ABOUT THIS EXERCISE
Nothing but the lines from the one that contains "Suite Vinicole Hypercentre, Bastille" through the end of the data should be reproduced, and each must match exactly.

Records from a data collection
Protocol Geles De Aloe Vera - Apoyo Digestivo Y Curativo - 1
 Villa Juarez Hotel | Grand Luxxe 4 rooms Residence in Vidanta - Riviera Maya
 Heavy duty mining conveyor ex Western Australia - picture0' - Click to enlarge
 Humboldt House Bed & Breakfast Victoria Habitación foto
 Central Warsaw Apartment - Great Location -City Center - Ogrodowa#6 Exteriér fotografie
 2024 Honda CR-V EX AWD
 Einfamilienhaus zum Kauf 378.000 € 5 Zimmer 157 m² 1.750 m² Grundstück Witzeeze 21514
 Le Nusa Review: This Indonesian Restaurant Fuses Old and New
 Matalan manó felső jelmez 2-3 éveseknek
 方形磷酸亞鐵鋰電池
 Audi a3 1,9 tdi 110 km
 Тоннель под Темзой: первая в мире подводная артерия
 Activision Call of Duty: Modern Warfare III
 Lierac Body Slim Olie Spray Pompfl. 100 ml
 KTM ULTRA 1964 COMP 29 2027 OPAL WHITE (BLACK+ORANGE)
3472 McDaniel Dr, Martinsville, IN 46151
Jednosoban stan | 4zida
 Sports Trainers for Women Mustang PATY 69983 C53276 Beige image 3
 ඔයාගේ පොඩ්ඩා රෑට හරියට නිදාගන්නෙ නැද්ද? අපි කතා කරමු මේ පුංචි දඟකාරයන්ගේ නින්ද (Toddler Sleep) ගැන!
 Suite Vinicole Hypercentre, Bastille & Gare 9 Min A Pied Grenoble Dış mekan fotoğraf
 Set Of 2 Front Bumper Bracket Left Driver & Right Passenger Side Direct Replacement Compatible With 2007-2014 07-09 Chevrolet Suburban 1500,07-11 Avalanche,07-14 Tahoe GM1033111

RESULT
 Suite Vinicole Hypercentre, Bastille & Gare 9 Min A Pied Grenoble Dış mekan fotoğraf
 Set Of 2 Front Bumper Bracket Left Driver & Right Passenger Side Direct Replacement Compatible With 2007-2014 07-09 Chevrolet Suburban 1500,07-11 Avalanche,07-14 Tahoe GM1033111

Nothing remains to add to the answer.